Despite the fact that George Soros made a fortune trading the market, we can still see that he respects risk when trading.

He is not arrogant about risk-taking because he is well aware that it’s very easy to donate money made from the market, back to the market

 

 

10. Homma Munehisa

  • He lived within the period of 1724 – 1803
  • He was born into a family who were rice merchants, and back then rice was the lifeblood of Japan. You literally paid your tax using rice.
  • Back then you could trade rice through the use of coupons, which meant you didn’t have to bother if rice would be available at the delivery date, all you needed to know was the  “most likely price” on the day the coupon specified delivery.
  • Since Homma needed to know the price of rice each day, and the only way he could do that was going to the Osaka exchange daily, which was over 500 miles from where he lived.
  • He employed an ingenious technique of positioning a group of people every 6km from where he lived (Sakata) to Osaka, all he needed was the daily opening and closing price of rice.
  • He invented the candlestick and their patterns in the ancient day Japan by simply recording price of rice at the open and close of the day for weeks, months and years
  • He was known to have made 100 consecutive winning trades and his fame spread throughout Japan. He was considered the “god of the market”
  • Over time he became the financial adviser to the government of the day and was raised to the rank of Samurai.
  • His books Sakata Shenso and Soba Sani No Den increased his popularity and the meaning he ascribed to his patterns was known as the “Sakata Rules”, which is the basis of modern candlestick charting.
  • He was rumored to have a net worth of over $100 billion in today’s dollars, and in a good year, he made over $10 billion.
  • Munehisa ran and managed futures CTA, a hedge fund in the 18th century which performed outstandingly for over 50 years

 

Quote:

This text should never be shown to anyone, no matter how close that person is to you.

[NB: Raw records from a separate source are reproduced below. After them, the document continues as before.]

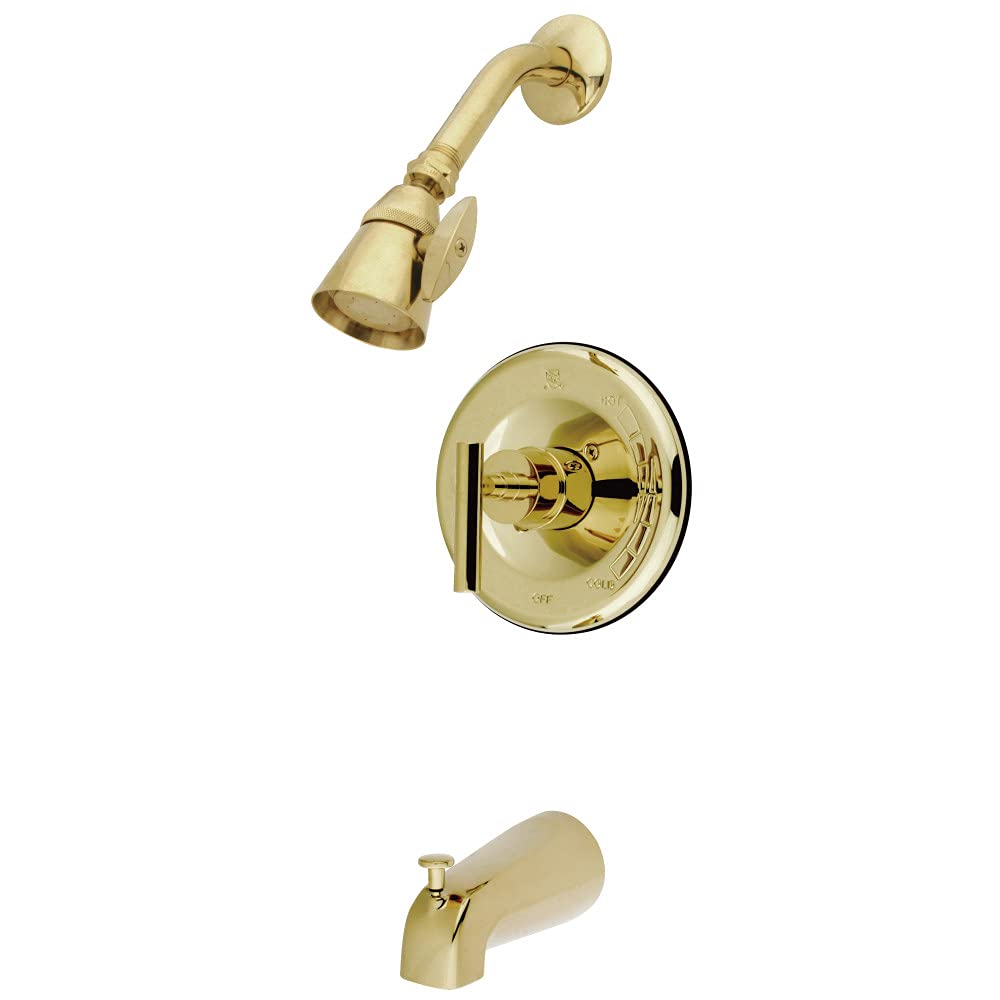 Kingston Brass KB6632CML 7-Inch Polished Brass Tub and Shower Faucet - Vintage Style Bathroom Fixture for Modern Showers and Bathtubs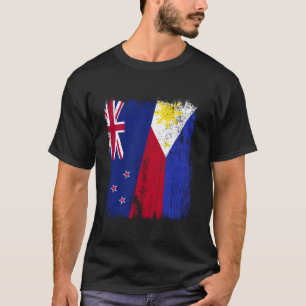 New Zealand Philippines Half Flag New Zealand Fili T-Shirt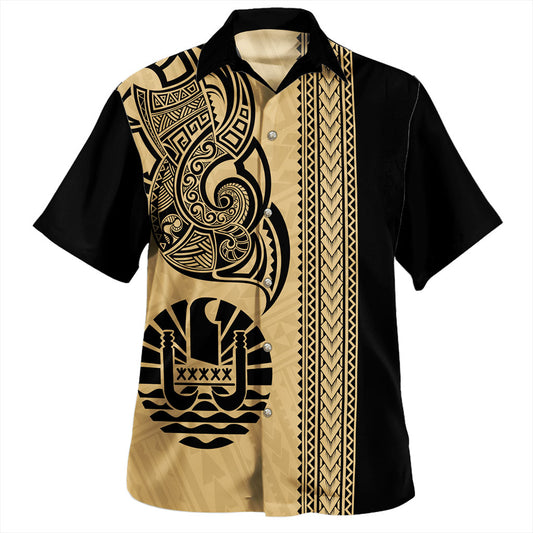 Austral Islands Hawaiian Shirt Pearl Of The Pacific Black Polynesian Tattau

Not because I want to be the only rich man. But because this text may be misunderstood by people who will most likely make many mistakes, but the worst part is that the text can cause huge damage and as a result will turn against us. I do not recommend that anyone read this text and it should remain a family secret. In particular, San-Poh (three methods) is a very unique technique and only a few people know it all over the world. If you sell or buy using only this method, you will achieve steady profits, build a fortune, and never make a loss. You should know what value this text has, be careful and determined as to the secret that is contained in this text

 

Note:

This quote was what took my respect for price action to astronomical levels.

Homma Munehisa never intended to publish his findings on candlestick patterns and how they worked in the market to the general public, rather he wanted the candlestick knowledge to be retained within his family.

Homma spent 60 years of his life trying to perfect a technique generally known today as price action.

Price action is phenomenal because even after over 250 years, the market still plays by the rules discovered by the “god of the market” (Homma Munehisa).

For that, the candlesticks are still my number one indicator.

 

In Conclusion

Each trader discussed had/has a unique way of exploiting the weakness of the market.

Studying each of these traders, further buttressed the fact that there is basically no one way of trading the market.

All you need is to study a system that works and over time craft your own trading system that meets the requirements peculiar to you.